Given the significant adolescent-emergent effects, embarrassment ratings were further queried for modulation by condition. The adolescent-emergent age predictor yielded a trend-level effect for the anticipation condition, F(1, 67) = 3.57, p = .063; η_p ² = .051, and a significant effect for the evaluation condition, F(1, 67) = 7.14, p = .009; η_p ² = .096, which suggests consistency in age effects on embarrassment in both conditions but a more robust age difference during the evaluation phase. There was no main effect of condition on embarrassment ratings, F(1, 67) = 0.093, p = .76; Bonferroni-adjusted critical α = .0167.

Skin conductance data yielded a quadratic age-by-time interaction, F(1, 53) = 10.34, p = .002; η_p ² = .163. Post hoc analyses isolating the first half of the experiment indicated an adolescent-specific age effect, which can be described as greater autonomic arousal (less habituation of slope) in adolescence than in adulthood, F(1, 53) = 9.40, p = .003; η_p ² = .151 (see Fig. S1 in the Supplemental Material). The estimated age of peak GSR response was 14.38 years. There were no significant effects of condition or age during the second half of the experiment (ps > .2). Significant adolescent-specific age effects during the first half were evident for the anticipation and evaluation conditions when tested separately—anticipation: F(1, 53) = 4.77, p = .033, η_p ² = .083; evaluation: F(1, 53) = 6.95, p = .011, η_p ² = .12. These results suggest that minimal social-evaluative contexts are sufficient to induce heightened self-conscious emotion and physiological arousal that peaks in midadolescence.
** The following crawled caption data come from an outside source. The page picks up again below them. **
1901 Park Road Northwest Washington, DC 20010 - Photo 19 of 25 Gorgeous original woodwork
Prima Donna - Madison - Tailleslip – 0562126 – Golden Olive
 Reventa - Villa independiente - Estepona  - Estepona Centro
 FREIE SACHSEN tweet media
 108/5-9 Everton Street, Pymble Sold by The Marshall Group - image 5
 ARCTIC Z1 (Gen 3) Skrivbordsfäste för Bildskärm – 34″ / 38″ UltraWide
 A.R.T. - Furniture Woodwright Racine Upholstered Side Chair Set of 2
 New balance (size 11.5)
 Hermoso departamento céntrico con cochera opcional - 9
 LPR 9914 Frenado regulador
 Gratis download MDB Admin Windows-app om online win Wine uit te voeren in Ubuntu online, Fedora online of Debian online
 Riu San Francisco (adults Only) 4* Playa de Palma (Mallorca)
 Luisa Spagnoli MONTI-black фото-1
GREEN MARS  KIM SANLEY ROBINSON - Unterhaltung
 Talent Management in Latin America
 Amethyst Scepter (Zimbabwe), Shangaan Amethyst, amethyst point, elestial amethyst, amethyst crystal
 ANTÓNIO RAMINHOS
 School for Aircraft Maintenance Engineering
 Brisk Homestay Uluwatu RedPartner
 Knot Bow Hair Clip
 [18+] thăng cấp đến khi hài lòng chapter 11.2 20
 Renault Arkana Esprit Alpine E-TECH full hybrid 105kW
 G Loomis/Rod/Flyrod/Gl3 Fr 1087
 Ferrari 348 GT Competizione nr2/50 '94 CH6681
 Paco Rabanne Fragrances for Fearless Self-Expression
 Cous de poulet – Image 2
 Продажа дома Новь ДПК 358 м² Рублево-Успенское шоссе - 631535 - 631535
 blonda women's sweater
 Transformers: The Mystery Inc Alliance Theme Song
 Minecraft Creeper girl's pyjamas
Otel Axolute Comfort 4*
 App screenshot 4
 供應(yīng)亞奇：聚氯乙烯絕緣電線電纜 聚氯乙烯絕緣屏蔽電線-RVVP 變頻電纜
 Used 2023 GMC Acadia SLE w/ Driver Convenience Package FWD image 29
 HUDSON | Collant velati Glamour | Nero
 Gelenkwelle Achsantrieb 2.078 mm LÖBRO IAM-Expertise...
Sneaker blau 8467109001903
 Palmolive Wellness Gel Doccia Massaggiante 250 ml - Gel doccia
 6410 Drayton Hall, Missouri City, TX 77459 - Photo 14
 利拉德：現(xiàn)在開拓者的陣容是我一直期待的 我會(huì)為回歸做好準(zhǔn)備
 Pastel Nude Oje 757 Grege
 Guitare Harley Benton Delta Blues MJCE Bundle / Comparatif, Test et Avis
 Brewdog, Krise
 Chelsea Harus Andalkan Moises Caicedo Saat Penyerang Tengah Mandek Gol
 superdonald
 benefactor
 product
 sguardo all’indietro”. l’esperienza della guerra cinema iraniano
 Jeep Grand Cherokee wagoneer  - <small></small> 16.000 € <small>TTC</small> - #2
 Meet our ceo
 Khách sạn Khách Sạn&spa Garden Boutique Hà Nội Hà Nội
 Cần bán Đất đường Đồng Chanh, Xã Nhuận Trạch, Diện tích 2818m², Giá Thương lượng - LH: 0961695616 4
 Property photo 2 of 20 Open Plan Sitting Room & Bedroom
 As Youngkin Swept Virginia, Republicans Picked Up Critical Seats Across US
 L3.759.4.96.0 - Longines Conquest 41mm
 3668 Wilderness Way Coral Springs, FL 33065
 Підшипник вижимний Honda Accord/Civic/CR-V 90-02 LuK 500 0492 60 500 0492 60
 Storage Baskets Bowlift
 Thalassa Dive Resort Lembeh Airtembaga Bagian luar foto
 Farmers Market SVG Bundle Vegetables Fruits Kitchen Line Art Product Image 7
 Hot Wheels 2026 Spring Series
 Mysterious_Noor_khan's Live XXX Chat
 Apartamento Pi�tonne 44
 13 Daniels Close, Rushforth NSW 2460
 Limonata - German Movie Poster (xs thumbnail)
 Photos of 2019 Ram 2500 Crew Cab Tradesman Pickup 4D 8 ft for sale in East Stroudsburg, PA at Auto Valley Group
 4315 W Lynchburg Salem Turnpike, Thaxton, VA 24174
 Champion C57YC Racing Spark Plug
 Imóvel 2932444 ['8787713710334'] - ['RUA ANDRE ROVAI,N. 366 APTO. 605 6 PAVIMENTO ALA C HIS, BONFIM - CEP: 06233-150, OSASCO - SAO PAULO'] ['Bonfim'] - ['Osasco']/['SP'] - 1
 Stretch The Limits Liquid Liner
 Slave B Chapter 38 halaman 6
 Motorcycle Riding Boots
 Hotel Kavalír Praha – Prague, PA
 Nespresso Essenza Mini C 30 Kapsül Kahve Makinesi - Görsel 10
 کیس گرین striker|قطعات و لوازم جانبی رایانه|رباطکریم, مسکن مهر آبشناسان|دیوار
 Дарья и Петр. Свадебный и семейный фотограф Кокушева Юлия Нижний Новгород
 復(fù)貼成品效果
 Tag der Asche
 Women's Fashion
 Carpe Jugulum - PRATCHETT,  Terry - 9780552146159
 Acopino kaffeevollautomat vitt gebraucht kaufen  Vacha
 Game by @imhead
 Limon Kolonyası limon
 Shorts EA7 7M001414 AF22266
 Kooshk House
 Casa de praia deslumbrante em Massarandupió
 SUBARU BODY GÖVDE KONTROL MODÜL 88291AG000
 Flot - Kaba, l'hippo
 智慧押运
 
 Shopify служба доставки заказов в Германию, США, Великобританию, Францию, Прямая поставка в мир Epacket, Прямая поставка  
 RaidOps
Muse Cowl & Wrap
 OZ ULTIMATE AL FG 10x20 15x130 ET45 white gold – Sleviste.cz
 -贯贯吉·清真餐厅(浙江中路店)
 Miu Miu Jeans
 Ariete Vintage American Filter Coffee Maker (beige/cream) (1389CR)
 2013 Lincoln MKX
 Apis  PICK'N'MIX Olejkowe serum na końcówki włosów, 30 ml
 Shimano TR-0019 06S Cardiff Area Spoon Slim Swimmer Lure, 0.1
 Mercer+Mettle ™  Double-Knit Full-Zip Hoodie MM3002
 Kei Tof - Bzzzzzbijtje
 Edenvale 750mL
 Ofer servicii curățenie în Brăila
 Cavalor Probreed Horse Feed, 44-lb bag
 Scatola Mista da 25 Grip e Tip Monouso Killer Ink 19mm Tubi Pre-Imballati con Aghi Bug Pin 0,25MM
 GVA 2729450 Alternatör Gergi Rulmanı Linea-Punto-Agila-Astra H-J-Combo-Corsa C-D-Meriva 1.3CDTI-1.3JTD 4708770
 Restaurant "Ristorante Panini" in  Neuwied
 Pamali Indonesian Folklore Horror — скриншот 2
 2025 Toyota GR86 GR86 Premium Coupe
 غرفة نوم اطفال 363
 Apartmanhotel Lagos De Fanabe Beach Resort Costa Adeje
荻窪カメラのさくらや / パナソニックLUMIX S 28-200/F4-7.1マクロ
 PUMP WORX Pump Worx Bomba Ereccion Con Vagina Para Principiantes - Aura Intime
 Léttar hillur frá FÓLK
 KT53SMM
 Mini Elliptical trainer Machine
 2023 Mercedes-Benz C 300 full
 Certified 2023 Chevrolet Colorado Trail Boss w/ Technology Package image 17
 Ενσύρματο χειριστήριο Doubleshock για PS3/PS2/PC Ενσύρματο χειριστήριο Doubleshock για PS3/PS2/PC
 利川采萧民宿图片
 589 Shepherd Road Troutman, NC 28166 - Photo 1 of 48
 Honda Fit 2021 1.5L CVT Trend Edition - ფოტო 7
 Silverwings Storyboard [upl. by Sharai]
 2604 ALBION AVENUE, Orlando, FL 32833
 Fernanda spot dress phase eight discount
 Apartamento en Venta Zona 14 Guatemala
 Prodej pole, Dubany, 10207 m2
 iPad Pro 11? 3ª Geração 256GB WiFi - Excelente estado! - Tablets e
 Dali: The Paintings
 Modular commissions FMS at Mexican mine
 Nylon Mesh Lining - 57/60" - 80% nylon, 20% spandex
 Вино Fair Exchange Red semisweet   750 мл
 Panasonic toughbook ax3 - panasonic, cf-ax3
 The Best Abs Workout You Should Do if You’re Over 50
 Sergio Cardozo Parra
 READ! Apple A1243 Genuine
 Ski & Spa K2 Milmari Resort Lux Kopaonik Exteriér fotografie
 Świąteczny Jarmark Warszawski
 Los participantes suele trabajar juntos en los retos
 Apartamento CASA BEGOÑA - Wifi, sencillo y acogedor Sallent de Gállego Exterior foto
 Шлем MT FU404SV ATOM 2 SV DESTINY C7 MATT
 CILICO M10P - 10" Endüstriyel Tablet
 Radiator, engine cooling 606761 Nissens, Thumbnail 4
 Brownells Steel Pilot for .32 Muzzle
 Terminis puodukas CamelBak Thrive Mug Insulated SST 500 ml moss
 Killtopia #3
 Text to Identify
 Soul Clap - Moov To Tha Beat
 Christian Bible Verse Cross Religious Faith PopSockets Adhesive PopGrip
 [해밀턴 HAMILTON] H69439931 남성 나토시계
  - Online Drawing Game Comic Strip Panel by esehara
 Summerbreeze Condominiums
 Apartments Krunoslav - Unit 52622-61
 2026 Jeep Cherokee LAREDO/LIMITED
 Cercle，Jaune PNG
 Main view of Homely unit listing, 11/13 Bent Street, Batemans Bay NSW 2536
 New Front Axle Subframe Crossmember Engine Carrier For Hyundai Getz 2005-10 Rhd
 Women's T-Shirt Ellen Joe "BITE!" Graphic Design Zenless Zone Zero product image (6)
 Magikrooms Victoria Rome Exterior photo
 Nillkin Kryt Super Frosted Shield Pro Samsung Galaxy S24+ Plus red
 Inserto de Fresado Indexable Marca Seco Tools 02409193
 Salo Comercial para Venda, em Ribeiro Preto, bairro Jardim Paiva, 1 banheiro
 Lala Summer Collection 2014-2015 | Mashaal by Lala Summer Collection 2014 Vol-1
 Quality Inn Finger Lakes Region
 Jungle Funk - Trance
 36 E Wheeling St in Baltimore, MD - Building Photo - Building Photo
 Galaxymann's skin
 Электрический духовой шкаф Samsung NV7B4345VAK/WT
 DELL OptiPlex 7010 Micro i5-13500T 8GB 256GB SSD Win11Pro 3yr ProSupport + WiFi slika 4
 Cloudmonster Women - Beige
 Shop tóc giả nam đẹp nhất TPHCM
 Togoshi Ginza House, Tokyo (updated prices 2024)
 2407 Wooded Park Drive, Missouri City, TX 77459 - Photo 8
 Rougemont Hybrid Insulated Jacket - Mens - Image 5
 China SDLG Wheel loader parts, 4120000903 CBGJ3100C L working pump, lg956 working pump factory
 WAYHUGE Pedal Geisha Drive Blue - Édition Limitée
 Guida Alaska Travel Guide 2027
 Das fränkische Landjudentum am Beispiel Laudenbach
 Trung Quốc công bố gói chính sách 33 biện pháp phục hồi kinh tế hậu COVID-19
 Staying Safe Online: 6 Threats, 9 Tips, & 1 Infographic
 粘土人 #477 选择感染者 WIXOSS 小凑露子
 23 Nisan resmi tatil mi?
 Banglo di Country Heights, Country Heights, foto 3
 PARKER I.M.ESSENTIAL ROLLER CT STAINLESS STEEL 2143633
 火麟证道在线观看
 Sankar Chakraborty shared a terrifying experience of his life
A triad of voxel-wise, whole-brain, mixed-model ANOVAs were conducted with the repeated factor of condition (anticipation, evaluation) and each age predictor serving as a continuous covariate of interest. Guided by the behavioral findings, we focused fMRI analyses on revealing neural activations that were similarly engaged by the anticipation and evaluation conditions and differentially active as a function of the age predictors. A single region of the brain located in the MPFC (x = −13, y = 53, z = 6; 72 3 × 3 × 3 mm voxels; Brodmann’s area 32/10), mean cluster statistic: F(1, 67) = 11.84, p < .05 corrected (Fig. 3a), was significantly related to the adolescent-emergent age predictor. The estimated age of peak in MPFC activity was 15.25 years. The identical single region was also identified in an analysis of adolescent-specific age effects at a corrected threshold of p < .05, albeit smaller in size—mean cluster statistic: F(1, 67) = 10.38, 30 voxels. No regions demonstrated significant linear-age effects at whole-brain corrected thresholds. To summarize, mirroring the levels of experienced embarrassment and arousal, the MPFC demonstrated an elevated response in adolescents during both the anticipation and evaluation conditions that was partially matched in activity strength in young adults. Age differences in MPFC activity are plotted in Figure 3b for descriptive purposes.

Fig. 3.

Age differences in task-based functional brain activity. The statistical map identified functional activity showing heightened engagement of the medial prefrontal cortex (MPFC) through adolescence (relative to childhood) that persists into adulthood. The image threshold was p < .05, corrected for acquisition space. The scatter plot (b) shows MPFC responses in the evaluation and anticipation conditions (collapsed) as a function of participants’ age, for descriptive purposes. The solid fit line was derived from the adolescent-emergent predictor, and the dashed line was derived from the adolescent-specific predictor.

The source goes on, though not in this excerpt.